Jordanian politician (born 1963)

Nadia Abdul Rauf Salim Al-Rawabdeh (born 4 December 1963) is a Jordanian politician currently serving as the Minister of Labour since 27 September 2023.

==Early life and education==
Al-Rawabdeh was born on 4 December 1963. She received her bachelor's degree in Political Science and Sociology from the University of Jordan in 1984.

==Career==
Throughout her professional journey, Al-Rawabdeh has occupied numerous roles. From September 2012 until April 2018, she was at the helm of the Social Security Corporation as its General Manager. Concurrently, she held the position of Vice Chairman on the Board of Directors for the same organization.

Al-Rawabdeh's board memberships span across a variety of organizations. These include the Social Security Investment Fund, Kingdom Electricity Company, Al Asr Company, and Jordan Ceramic Company. She also served on the boards of National Tourism Co. For Tourism Development, Daman for Investment Company, Al Daman for Development Zones Company, and The Jordan Worsted Mills Company.

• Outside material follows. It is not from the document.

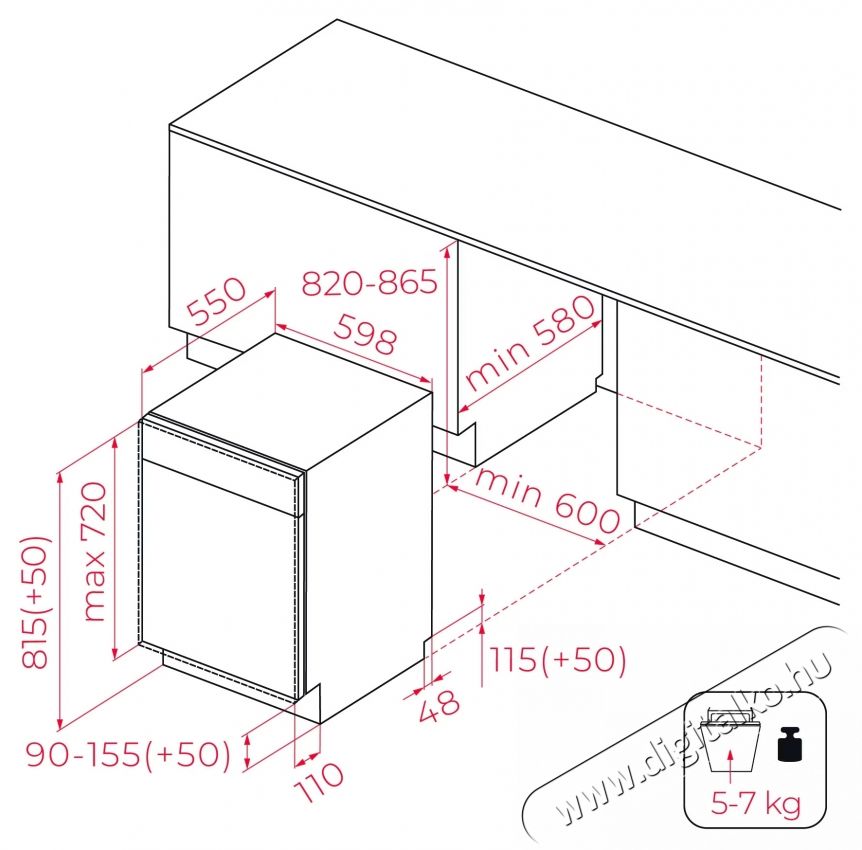 Teka DFI 46710 be&eacute;p&iacute;thető mosogat&oacute;g&eacute;p Konyhai term&eacute;kek - Mosogat&oacute;g&eacute;p - Norm&aacute;l (60cm) be&eacute;p&iacute;thető mosogat&oacute;g&eacute;p - 535795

Moreover, Nadia Abdul Rauf Salim Al-Rawabdeh held the position of Chairman at Yarmouk Water Company from 2019 to 2020. At present, she presides over Kingdom Electricity Co. PSC and Wadia Araba Development Company as their Chairman. She also contributes as a member of the Board of Trustees for the Jordanian Expatriate Award and the Economic Policy Development Forum.

Currently, Al-Rawabdeh is serving as the Minister of Labour, a position she has held since 27 September 2023. Her involvement in national affairs extends to her membership in several national committees. These include the National Committee for Poverty and Unemployment Strategy, the National Committee for Special Needs Strategy, and the National Committee to Follow-up on the Implementation of the Executive Plan for the National Family Strategy.